It’s come round so quickly – that festive time of year again. And with it comes some seasonal limited edition chocolates from Kokopelli’s. This year I fancied giving those classic, favourite flavours a bit of a makeover.

And so… drum roll please… I present you with the clementine pate de fruit.

It’s a French-style fruit jelly (vegetarian of course!), made with tangy clementine puree, enrobed in a fruity Madagascan dark chocolate, and decorated with a dot of orange cocoa butter to finish. As you bite into it, the chocolate cracks between your teeth and the soft jelly yields to your tongue. It’s rather delightful, even if I say so myself.

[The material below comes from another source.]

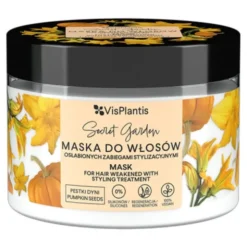 Vis Plantis, maska do włosów osłabionych zabiegami stylizacyjnymi, pestki dyni, pszenica i owies, 300 ml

Next up, we have the nutmeg caramel.

nutmeg caramel cut sm

This is a slightly salted soft caramel, infused with freshly grated nutmeg. It is nestled in a dark milk chocolate shell (yup, that’s a milk chocolate with a very high cocoa content, giving you that chocolate hit and milky creaminess all in one delicious mouthful), swirled with pink cocoa butter and a touch of gold lustre. Christmas all wrapped up in a delicate little dome.

These limited edition wintry beauts will feature in our mixed selection box over the holiday period. We will also be at The Chocolate Festival again this year – Friday 13th December through to Sunday 15th December. It’s on the Southbank Centre Square – please do drop by to say hello and support us in the freezing weather!

Happy holidays!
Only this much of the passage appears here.